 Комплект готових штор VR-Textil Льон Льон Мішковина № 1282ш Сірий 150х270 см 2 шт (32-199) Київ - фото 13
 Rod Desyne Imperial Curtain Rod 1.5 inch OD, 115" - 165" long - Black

==

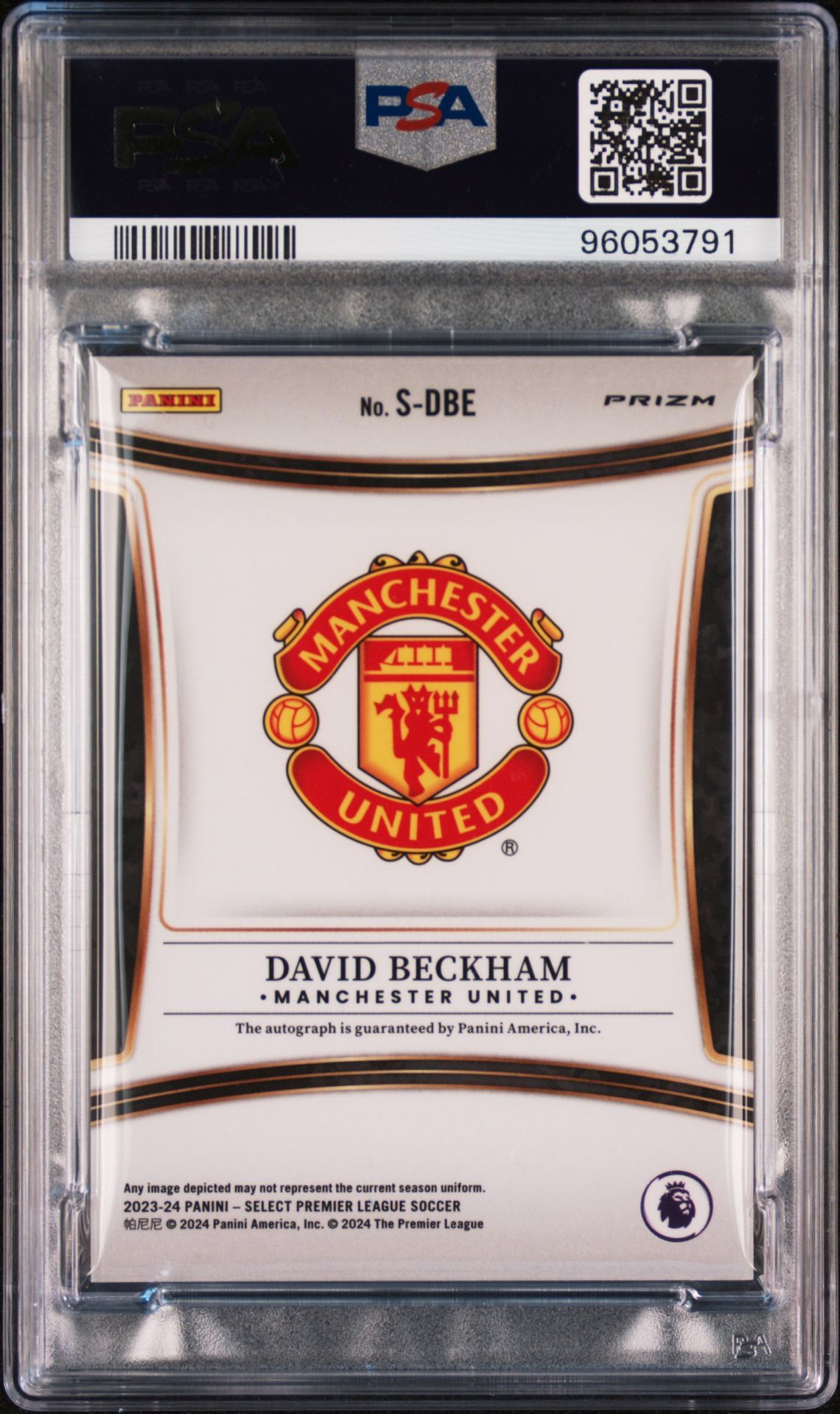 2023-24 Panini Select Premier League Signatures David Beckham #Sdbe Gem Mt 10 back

---

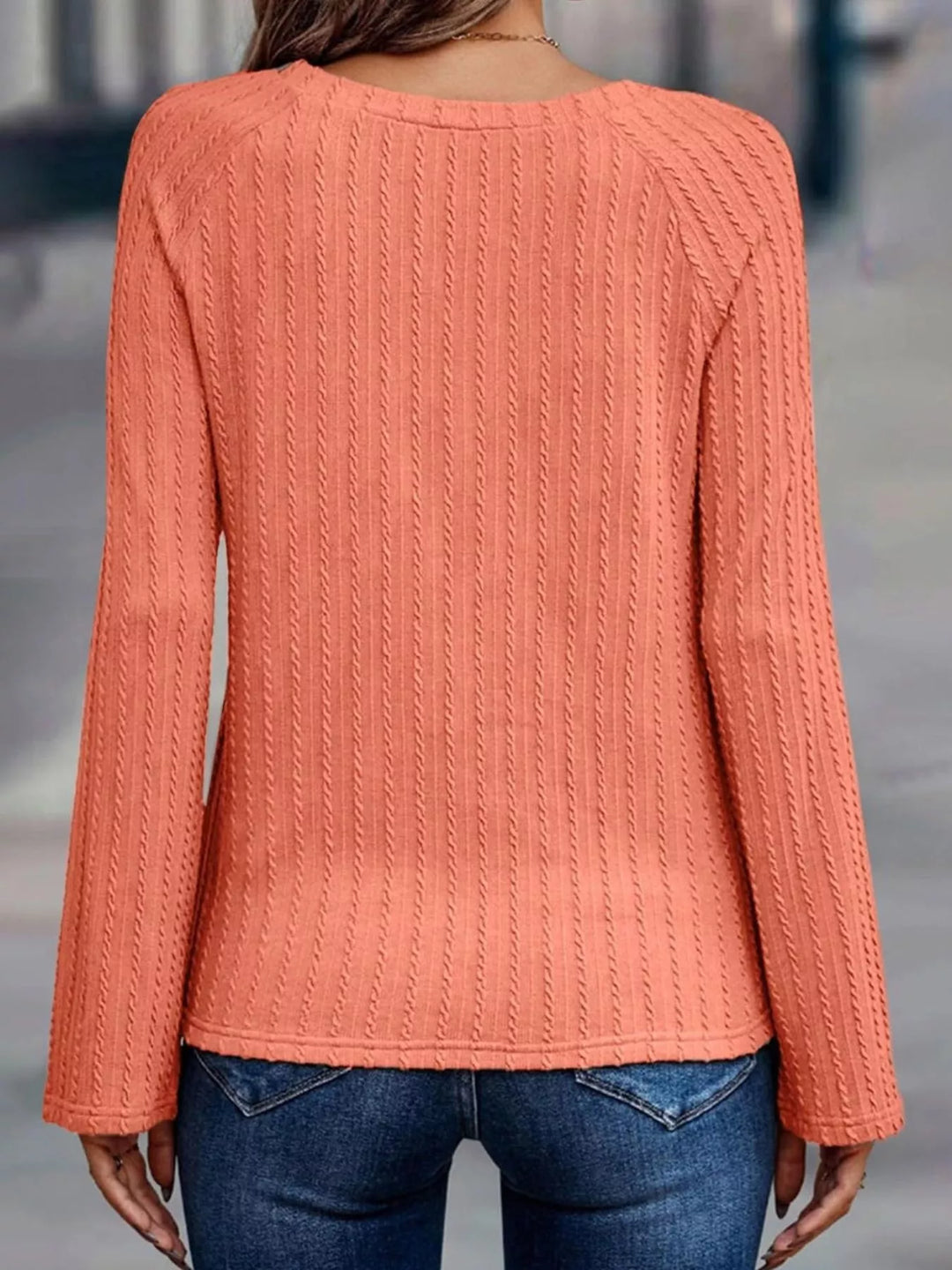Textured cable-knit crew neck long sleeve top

• **What you need to do**
Give back, word for word, only the lines above from the line holding "Комплект готових штор" to the line holding "Rod Desyne Imperial", both included.

• **Exercise answer**
 Комплект готових штор VR-Textil Льон Льон Мішковина № 1282ш Сірий 150х270 см 2 шт (32-199) Київ - фото 13
 Rod Desyne Imperial Curtain Rod 1.5 inch OD, 115" - 165" long - Black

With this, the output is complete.